Reports out of Jamaica indicate that Alcoa is proposing to double the capacity of the 1.5 million tonne alumina refinery it now owns 50/50 with the Jamaican Government.
As a result of Jamaica's huge foreign debts, Alcoa is undertaking the refinery upgrade by itself, rather than in partnership with Jamaica, which means that at the end of the project, Alcoa will own about 80 per cent of the equity in the three-million tonne per annum alumina refinery.
Jamaica looked to Trinidad and Tobago (T&T) for LNG because one of the conditions of Alcoa's proposed US$1.6 billion investment in Jamaica was that Kingston should secure a cheap source of energy at a predictable price to operate the alumina refinery. Cheap, predictable energy would make the refinery more globally competitive, it is felt.
Jamaica is insisting that it should not pay the United States market price for the LNG, arguing instead that it should pay the same price that T&T domestic users pay for natural gas, plus liquefaction and transportation.
The Jamaican argument assumes that T&T's domestic users of natural gas all pay the same price, whereas the truth is that the local market for the commodity is segmented according to size.
Additionally, Jamaica's position seems to assume that T&T has control over the LNG complex when, in truth, the natural gas is supplied by BP and British Gas and liquefied by a company in which T&T, at best, has an 11 per cent ownership stake.
Like the first four, the establishment of a fifth liquefaction plant will have to be based on sound financial propositions and air-tight supply contracts. The fifth plant is still being called Train X because there has been no policy decision on moving forward with it.
Subsidy
It appears to be Jamaica's position that in order to advance regional integration, T&T should supply subsidised LNG to Jamaica (from the minority state-owned Atlantic LNG complex) to facilitate the profitable operation of a three million-tonne alumina refinery in Jamaica that would be 80 per cent owned by Alcoa.
Alcoa would then transfer the alumina, which is being produced at a lower price because of subsidised LNG, to T&T, where it would be smeltedinto aluminium in the 100 per cent Alcoa-owned facility in T&T.

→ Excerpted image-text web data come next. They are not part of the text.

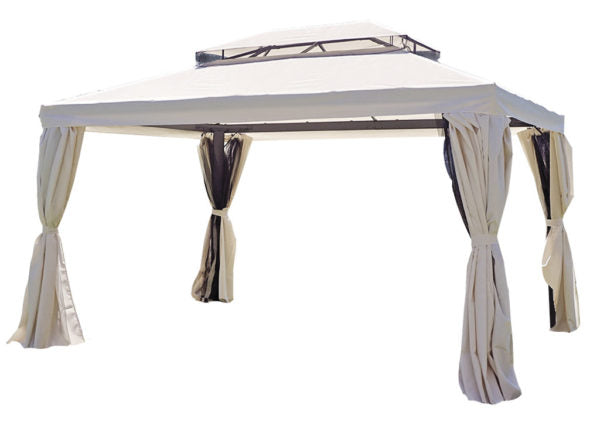 Gazebo in alluminio con tende laterali, 3x4 mt, ecru' 350gr Nebraska
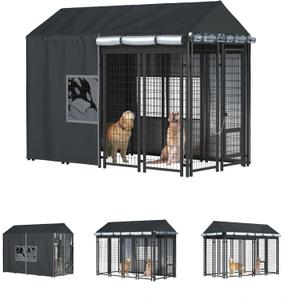 Outdoor Dog Kennel Cover Full Coverage for 8'Dx4'Wx6'H Cages,600d Heavy Duty Waterproof Large Kennel Covers,(Cover Only) Black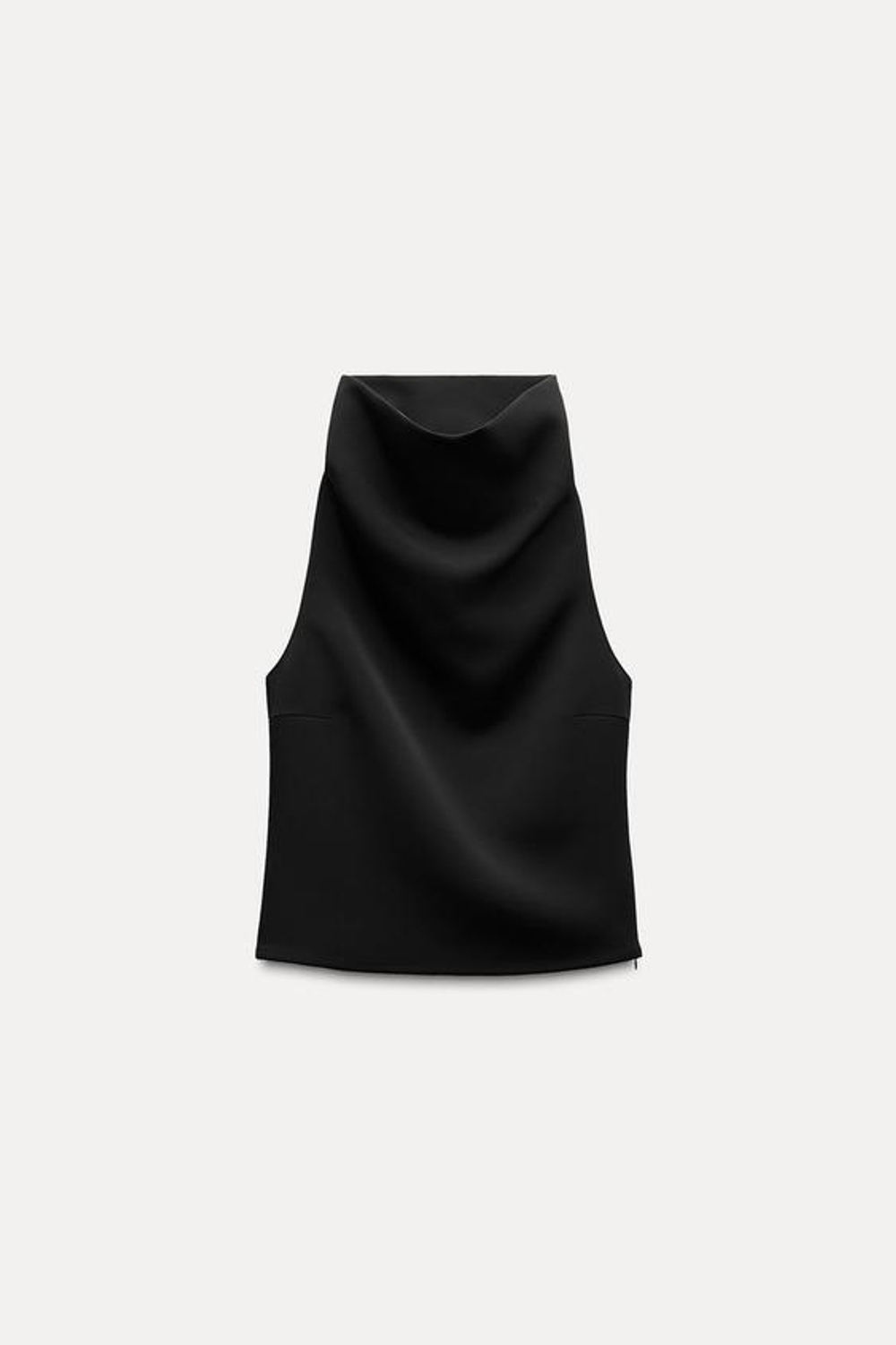 ZARA ТОП С ВОРОТНИКОМ-СТОЙКОЙ — ZW COLLECTION, ЧЕРНЫЙ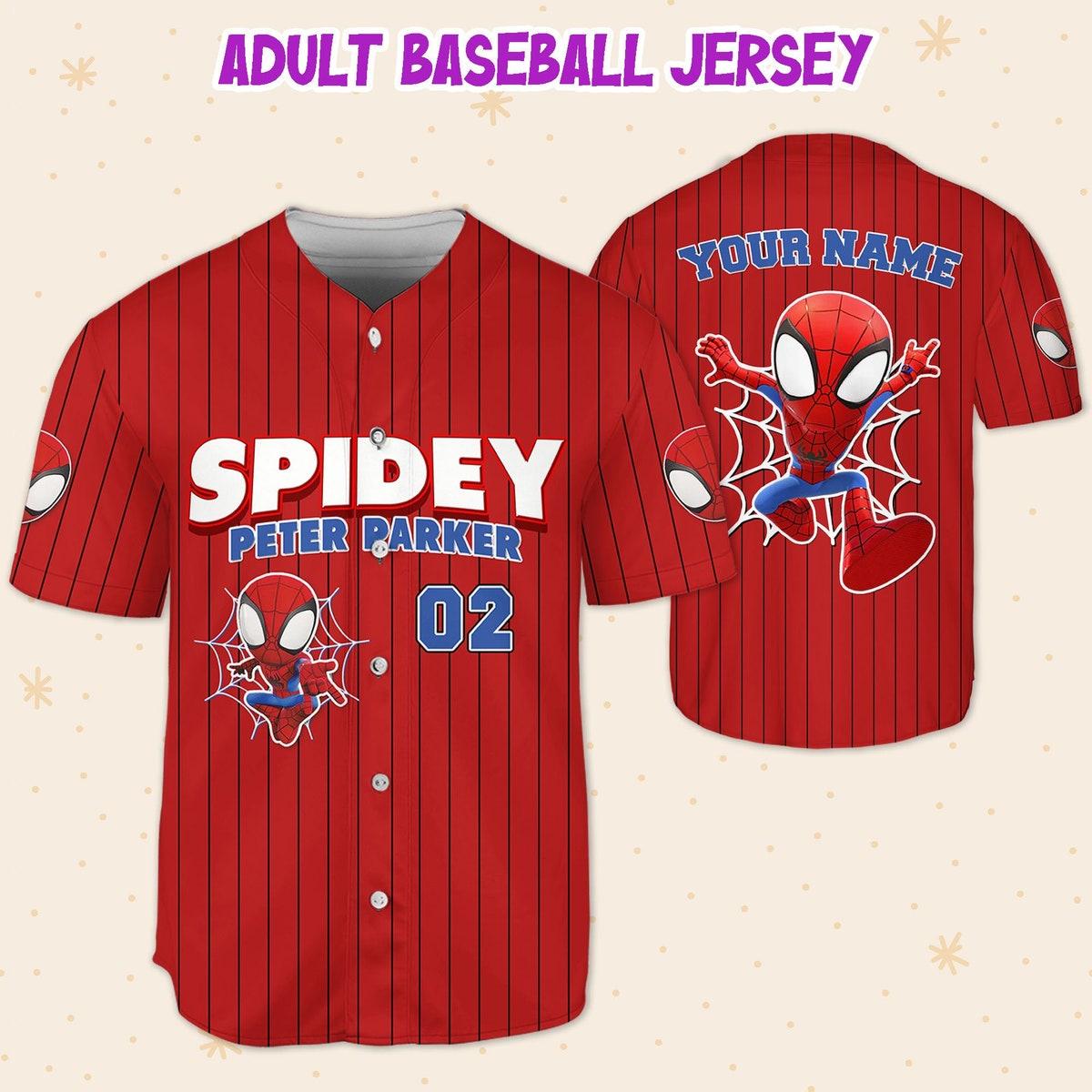 Personalize Spidey Peter Parker Red Black Custom Spider Verse Baseball Jersey 5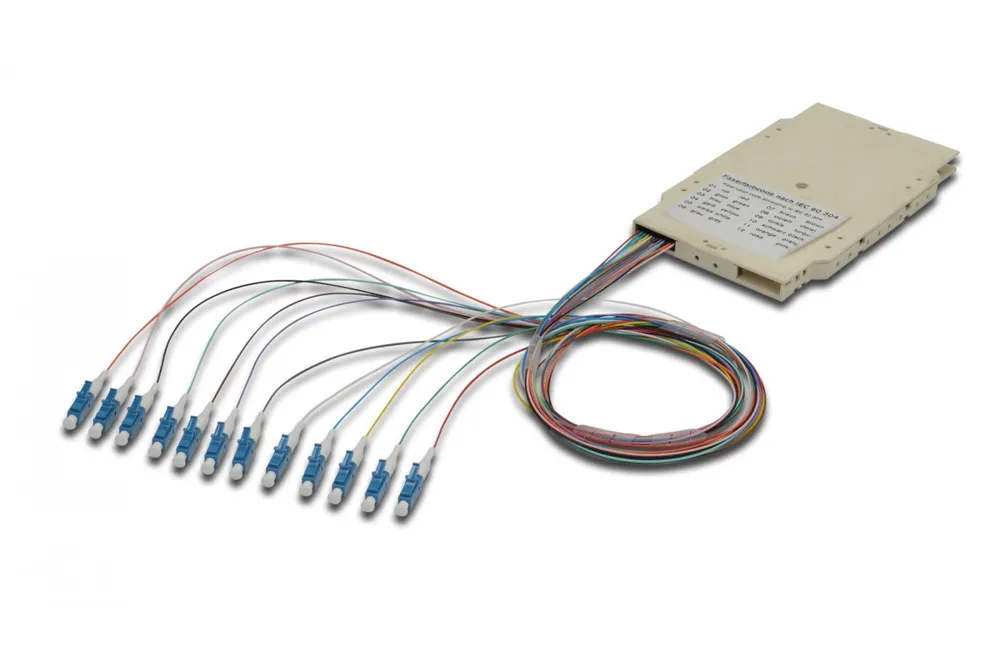 Bandeja de emenda de fibra óptica com 12 pigtails LC A-96533-02-UPC-4
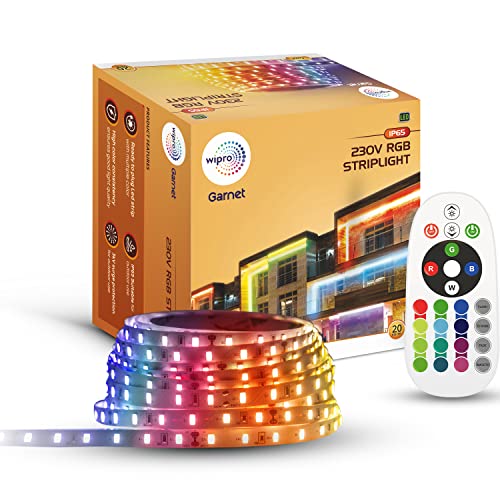 Image of wipro RGB Led Strip Light|60 LEDs /Mtr|24 Keys Ir Remote Controlled RGB Color Changing Light|Ip65-Waterproof|Plug&Play Rope Light for Outdoor&Indoor Decoration|Pack of 1,Multicolor,20 Meters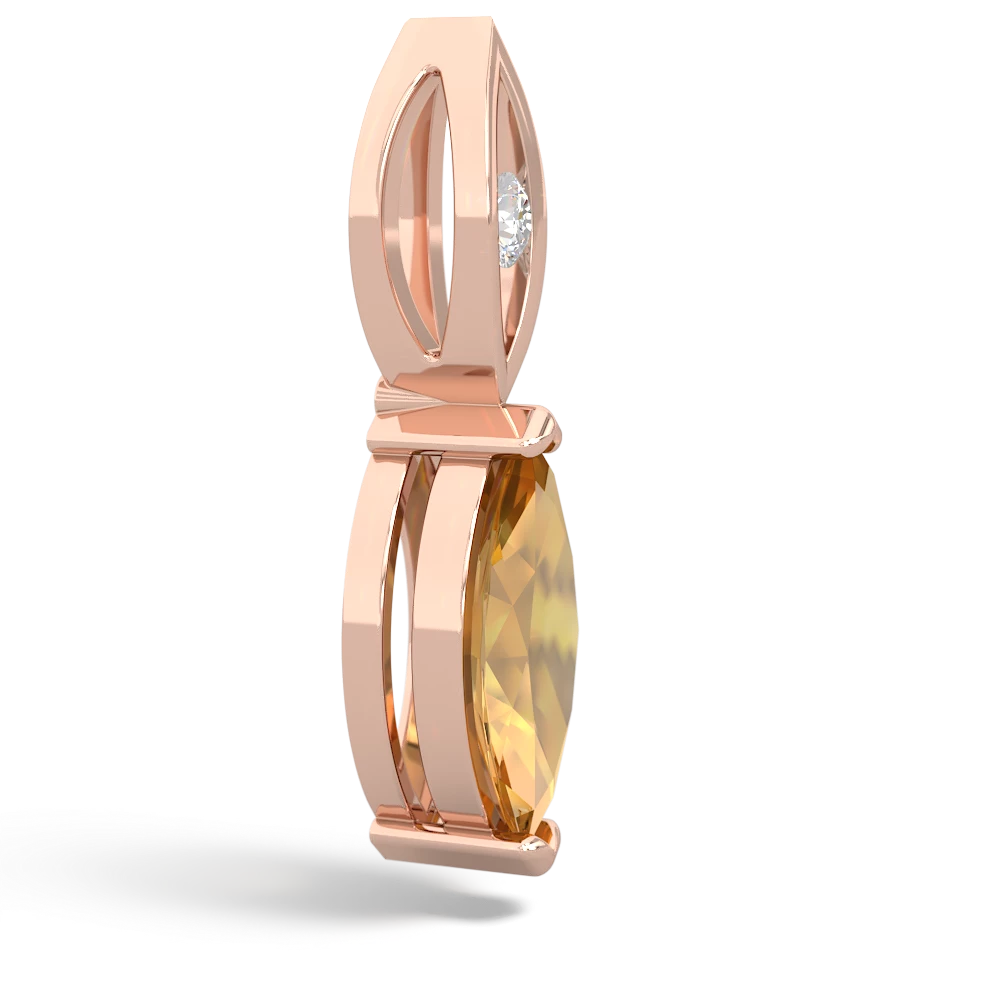 Citrine Marquise Drop 14K Rose Gold pendant P5333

Alcoa proposes that the smelter in T&T should make aluminium by using natural gas that has been heavily subsidised by T&T taxpayers.
Combined interests
In effect, Jamaica and Alcoa appear to have conjoined interests that T&T should subsidise the production of alumina in Jamaica (at the 80 per cent Alcoa-owned refinery) and then subsidise the production of aluminium in Trinidad (at the 100 per cent Alcoa-owned facility).
The reality of the situation is an insistence that money that could be used to benefit T&T taxpayers by helping working mothers pay for day care or by providing food to starving children will end up largely benefiting Alcoa (or BHP Billiton) shareholders.
By vertically integrating the production process in the region and by seeking to drive down energy costs at T&T's expense, Alcoa is setting the stage to maximise its profits in the region while regional leaders argue over crumbs.
What is required is for the leaders of T&T and Jamaica to sit down face to face and talk about these issues in such a way that the looming regional trade war is nipped in the bud.
Those talks should focus on what course of action is in the region's best interest and devise a way of ensuring that that best interest is achieved.